First: Follow your dojo and your sensei.
If my expressed thoughts really strike an idea in your mind, ask your sensei or instructors. I'm not in any way trying to preach. I'm really just trying to air my ideas to see what others think. (AND my apologies up; This is a MONSTER of a post.)



Is it ever a monster! Hey Craig, I looked at your website and one of the first things on it is how much you like to write.
So again, in the interests of bandwidth and people's patience I am going to snip large bits.

Please don't worry that I am going to take your ideas at face value and base all of my personal aiki-philosophy around them. I don't do that with my instructors let alone random people on the internet.


Chris Satori <upthread> also expressed a counter opinion. I was going to speak to his points, but didn't have enough time to spare at work that day. hehe... I'll try again now (to explain more clearly).


Frankly, I had similar concerns as Chris' - that your aiki was a bit fluffy-bunny for my taste. I did however want to find out a bit more before completely sticking my foot in it so I posed a couple of hopefully fairly unbiased and non-confrontational questions.

Now what I think is that although we would probably train in a similar manner we do not share the same English vocabulary WRT aikido - probably as a result of differing lineages and dojo cultures. I've been thinking and I cannot recall ever hearing the word "blend" in my home dojo. Join up, join with, kimasubi - these are all used for a similar set of concepts. Language guides thinking....

I'd be interested in hearing from other posters - do your teachers use the word "blend" frequently?
How about "one point" and "extend ki". Are there any other words you see used here that aren't part of your usual dojo vocabulary?

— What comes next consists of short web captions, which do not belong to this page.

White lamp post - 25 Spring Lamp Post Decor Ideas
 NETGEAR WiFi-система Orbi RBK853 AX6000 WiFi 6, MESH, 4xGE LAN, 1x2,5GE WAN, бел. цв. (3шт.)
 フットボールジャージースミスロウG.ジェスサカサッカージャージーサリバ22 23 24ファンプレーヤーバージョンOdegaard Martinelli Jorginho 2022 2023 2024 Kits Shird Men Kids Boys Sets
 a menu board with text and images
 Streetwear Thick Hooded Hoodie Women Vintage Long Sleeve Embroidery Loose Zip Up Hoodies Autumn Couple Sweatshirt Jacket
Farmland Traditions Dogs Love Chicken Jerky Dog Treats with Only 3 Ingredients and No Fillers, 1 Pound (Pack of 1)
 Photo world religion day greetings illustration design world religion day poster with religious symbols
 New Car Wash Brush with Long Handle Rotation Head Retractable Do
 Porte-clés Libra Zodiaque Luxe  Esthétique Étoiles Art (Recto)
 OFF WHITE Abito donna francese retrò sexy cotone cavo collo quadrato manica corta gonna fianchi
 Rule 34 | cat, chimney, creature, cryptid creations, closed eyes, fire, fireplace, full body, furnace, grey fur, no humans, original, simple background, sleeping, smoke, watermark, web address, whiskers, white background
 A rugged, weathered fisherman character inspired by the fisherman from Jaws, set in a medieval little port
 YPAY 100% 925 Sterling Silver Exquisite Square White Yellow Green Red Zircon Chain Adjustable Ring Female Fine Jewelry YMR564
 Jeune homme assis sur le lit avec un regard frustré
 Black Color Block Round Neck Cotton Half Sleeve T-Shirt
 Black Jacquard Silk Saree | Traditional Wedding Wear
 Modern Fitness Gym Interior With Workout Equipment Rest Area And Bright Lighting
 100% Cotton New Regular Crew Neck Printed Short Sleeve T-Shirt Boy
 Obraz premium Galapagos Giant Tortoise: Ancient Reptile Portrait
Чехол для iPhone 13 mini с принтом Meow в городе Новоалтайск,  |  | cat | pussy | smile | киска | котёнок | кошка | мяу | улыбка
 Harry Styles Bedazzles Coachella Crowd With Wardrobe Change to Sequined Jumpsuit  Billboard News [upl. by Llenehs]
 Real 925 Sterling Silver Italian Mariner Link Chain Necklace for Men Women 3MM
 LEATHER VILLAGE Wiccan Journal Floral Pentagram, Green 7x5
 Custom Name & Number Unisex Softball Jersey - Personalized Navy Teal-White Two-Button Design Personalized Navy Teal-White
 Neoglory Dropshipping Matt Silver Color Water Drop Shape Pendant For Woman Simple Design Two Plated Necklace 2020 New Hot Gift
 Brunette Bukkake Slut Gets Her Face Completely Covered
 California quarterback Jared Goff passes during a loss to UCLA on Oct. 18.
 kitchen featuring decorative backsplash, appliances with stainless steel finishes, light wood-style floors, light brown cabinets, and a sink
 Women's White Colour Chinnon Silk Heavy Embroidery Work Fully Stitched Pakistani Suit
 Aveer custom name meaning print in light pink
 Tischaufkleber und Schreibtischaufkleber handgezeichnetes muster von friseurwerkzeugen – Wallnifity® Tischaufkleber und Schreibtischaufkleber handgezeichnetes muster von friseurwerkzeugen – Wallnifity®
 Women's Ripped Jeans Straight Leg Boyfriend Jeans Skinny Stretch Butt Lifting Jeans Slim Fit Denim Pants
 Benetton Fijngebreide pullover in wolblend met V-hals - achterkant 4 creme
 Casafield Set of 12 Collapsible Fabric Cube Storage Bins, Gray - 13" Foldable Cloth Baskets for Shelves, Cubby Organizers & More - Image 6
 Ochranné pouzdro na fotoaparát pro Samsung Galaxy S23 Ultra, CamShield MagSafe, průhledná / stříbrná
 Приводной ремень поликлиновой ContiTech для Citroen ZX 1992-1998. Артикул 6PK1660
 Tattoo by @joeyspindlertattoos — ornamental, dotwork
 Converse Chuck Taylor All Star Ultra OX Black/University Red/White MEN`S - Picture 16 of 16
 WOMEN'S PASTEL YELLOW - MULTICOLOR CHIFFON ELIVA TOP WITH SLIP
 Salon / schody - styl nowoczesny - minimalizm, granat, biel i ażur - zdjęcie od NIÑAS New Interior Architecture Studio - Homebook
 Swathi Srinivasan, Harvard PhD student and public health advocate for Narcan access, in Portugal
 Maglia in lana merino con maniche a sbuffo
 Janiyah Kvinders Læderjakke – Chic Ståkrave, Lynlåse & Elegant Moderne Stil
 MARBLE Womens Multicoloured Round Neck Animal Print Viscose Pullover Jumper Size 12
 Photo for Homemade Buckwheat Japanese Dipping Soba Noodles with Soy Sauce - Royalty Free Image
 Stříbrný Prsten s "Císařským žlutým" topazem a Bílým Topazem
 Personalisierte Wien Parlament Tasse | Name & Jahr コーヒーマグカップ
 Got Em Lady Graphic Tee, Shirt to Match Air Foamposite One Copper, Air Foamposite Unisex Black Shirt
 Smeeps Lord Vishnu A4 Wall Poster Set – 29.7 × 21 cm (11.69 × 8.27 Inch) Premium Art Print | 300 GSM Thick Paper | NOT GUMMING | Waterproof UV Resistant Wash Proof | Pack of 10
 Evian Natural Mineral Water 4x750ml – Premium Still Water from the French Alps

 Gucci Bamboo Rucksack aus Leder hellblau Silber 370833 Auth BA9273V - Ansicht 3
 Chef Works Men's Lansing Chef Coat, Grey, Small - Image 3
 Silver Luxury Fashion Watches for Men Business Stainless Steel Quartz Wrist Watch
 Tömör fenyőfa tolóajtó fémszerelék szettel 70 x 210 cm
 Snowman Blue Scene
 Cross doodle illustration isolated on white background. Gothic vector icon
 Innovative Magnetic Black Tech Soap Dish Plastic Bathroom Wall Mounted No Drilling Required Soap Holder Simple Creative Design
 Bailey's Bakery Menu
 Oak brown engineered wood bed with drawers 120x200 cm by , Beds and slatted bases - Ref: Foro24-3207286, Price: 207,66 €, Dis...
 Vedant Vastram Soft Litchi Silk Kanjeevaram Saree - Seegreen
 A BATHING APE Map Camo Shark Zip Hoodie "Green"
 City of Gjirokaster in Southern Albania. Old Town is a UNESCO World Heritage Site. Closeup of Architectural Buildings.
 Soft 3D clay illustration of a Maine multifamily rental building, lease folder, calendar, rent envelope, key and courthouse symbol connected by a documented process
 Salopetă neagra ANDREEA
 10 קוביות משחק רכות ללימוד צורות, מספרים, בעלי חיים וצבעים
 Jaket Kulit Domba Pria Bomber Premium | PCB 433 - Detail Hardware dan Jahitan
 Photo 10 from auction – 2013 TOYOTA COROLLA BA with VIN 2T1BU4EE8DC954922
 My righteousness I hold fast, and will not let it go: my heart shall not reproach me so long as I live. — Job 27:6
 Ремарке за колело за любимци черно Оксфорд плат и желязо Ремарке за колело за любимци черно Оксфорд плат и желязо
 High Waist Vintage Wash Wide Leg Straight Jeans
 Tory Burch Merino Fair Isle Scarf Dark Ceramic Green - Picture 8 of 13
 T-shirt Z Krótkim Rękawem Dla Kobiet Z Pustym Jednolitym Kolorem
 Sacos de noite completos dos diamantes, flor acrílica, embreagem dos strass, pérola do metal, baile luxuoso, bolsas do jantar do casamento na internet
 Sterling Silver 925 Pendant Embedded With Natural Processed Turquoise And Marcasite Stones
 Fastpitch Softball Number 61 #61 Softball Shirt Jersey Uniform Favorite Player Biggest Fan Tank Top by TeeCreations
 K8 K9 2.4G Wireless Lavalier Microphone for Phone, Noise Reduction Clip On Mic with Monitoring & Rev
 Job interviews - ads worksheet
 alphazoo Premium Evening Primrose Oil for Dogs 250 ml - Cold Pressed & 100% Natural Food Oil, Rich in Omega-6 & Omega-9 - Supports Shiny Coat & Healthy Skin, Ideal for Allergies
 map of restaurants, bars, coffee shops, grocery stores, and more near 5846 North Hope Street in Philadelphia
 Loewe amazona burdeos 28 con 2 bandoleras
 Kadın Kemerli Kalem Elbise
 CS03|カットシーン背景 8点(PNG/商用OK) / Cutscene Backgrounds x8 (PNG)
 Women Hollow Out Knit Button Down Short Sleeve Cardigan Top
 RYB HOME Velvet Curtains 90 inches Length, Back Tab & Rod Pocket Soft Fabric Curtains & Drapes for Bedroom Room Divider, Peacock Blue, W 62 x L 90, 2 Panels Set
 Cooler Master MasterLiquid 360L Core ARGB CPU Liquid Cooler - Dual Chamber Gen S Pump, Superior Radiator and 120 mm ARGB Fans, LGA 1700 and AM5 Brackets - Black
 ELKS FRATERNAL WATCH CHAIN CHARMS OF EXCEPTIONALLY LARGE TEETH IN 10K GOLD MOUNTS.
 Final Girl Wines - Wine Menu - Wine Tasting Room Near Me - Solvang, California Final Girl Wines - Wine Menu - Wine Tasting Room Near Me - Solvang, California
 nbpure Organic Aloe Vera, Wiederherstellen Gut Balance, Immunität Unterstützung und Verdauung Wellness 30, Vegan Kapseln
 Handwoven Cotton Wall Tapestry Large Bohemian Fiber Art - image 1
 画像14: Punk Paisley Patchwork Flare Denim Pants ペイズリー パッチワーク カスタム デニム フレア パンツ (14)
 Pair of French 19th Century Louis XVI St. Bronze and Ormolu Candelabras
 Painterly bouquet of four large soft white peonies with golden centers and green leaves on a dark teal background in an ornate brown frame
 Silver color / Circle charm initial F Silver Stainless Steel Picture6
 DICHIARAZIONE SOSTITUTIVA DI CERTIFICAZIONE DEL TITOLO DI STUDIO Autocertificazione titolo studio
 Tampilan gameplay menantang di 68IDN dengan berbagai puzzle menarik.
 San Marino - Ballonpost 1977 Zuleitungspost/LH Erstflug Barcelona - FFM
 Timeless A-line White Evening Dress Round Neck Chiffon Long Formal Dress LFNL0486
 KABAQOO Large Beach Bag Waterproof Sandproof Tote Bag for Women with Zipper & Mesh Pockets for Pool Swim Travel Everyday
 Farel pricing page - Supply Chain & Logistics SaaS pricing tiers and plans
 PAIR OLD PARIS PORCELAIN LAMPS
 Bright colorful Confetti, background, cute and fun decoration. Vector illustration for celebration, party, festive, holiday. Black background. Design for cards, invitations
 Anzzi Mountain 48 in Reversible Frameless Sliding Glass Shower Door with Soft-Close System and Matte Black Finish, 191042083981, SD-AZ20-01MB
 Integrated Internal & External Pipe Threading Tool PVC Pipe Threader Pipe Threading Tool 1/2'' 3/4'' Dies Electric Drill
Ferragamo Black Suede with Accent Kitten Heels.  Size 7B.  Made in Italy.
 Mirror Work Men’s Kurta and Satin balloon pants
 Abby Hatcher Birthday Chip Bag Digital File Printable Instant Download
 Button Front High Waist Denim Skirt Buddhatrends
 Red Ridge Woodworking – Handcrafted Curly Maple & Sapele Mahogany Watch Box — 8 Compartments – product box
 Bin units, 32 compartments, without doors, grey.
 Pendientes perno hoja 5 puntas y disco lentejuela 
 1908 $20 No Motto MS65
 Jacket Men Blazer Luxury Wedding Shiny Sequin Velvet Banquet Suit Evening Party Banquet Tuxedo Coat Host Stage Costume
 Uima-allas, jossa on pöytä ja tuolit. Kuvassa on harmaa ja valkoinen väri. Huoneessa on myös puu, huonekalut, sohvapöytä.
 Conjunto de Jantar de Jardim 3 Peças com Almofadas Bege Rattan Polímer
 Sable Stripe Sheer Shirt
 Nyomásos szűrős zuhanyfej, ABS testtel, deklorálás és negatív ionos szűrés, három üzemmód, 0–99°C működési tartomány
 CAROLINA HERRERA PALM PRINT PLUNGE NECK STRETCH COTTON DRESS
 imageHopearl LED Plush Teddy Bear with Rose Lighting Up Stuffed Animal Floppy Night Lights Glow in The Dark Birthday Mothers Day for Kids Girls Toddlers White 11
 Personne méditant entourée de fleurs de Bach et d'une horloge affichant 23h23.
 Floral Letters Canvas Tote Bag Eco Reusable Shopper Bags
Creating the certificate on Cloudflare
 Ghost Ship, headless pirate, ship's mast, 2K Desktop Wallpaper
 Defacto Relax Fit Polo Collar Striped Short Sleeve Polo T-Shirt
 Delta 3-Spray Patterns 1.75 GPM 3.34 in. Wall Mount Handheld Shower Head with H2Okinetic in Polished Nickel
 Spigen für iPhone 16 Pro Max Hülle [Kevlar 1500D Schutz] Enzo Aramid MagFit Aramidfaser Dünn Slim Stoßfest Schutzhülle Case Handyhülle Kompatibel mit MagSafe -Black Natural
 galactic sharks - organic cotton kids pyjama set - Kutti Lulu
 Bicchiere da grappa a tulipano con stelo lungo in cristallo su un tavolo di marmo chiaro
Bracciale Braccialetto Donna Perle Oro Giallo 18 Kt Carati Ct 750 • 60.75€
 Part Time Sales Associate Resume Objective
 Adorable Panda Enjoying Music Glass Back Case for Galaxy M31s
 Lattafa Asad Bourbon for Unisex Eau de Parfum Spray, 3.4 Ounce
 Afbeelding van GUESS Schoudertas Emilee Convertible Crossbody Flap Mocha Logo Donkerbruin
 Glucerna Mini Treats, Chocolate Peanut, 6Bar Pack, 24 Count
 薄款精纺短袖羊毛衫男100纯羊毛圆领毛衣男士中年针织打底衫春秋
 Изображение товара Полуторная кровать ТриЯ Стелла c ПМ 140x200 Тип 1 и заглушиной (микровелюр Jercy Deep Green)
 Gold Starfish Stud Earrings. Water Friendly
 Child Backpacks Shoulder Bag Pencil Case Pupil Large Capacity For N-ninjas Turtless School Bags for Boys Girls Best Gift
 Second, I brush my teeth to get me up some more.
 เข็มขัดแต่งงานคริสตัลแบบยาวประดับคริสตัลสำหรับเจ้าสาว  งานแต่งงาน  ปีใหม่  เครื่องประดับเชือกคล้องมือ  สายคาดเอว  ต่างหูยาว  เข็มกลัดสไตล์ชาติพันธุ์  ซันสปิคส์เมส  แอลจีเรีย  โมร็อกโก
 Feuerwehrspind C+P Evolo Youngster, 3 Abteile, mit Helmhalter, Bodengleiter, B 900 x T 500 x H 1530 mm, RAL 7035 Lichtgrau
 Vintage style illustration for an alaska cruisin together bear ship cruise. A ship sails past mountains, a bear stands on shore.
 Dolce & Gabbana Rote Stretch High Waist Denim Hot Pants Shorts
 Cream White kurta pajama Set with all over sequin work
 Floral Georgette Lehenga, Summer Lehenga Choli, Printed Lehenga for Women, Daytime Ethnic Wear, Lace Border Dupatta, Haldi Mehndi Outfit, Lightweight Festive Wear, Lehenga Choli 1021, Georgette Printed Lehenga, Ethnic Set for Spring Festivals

It's my opinion that you cannot practice aikido UNLESS you blend at all times. I can't practice by saying "I'm doing technique foo and you're going down." It's different every time, I can't ignore uke. I have to be aware of uke, feel uke, be in one point.

'Blend' is much easier to say.


When you share the same set of assumptions... Sometimes you have to come right out and say - pay attention to what your uke is and what she's doing.
The number of times I've felt the urge to tell my nage to stop trying to do their technique on some imaginary tall person (I'm 5'3").

It's also possible that for you, a self-described bear, it's true that without lots of give or blend in your practice you wouldn't get much useful training done at all.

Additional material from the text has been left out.